From the reading. . . "I felt that what I had been standing on had collapsed and that I had nothing left under my feet. What I had lived on no longer existed, and there was nothing left."

Ideas of Interest from A Confession

1. Explain Tolstoy's "arrest of life" from both a philosophical and a psychological point of view.

2. In this reading, Tolstoy gives several different definitions of "truth." He first states "truth" as "everyday life"; he second states "truth" is "death", and finally concludes "truth" is "faith." Explain what each definition of "truth" means, and then explain what aspect of each definition has in common with the other definitions Tolstoy offers. Which, if any, of these definitions do you think most people would agree is the "truth" of their lives?

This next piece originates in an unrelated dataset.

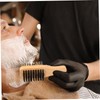 OHPHCALL Retro Boar Bristle Beard Brush for Men Dual-sided Mustache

3. Explain for each case, according to Tolstoy, why understanding of the fields of knowledge (science), abstract science (mathematics and metaphysics), or speculative understanding (philosophy) cannot yield substantive meaning to life? Do you agree with his assessments?

4. Why does the working person, the person with the least theoretical knowledge, have no doubt about life's meaning? In what ways is Tolstoy's characterization of this type of person similar to Russell's characterization of the practical person?

5. Carefully characterize Tolstoy's conception of faith. In what sense is "faith" another kind of "truth" for Tolstoy? Is the notion of "irrational knowledge" meaningful from a philosophical point of view?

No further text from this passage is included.